**WHAT TO DO**
Return the listing that follows exactly, with no pictures included.

------ RECORDED DATA

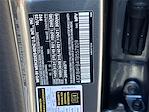 2026 Mercedes-Benz GLE 350 AWD SUV for sale #KMB260017 - photo 32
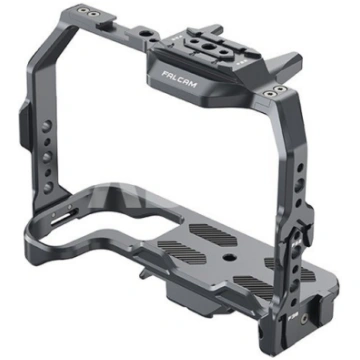 Falcam F22 & F38 & F50 Quick Release Camera Full C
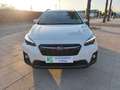 Subaru XV 1.6i Executive Plus CVT Blanco - thumbnail 15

------------

**FINISHED EXERCISE**
 2026 Mercedes-Benz GLE 350 AWD SUV for sale #KMB260017 - photo 32
 Falcam F22 & F38 & F50 Quick Release Camera Full C
 Subaru XV 1.6i Executive Plus CVT Blanco - thumbnail 15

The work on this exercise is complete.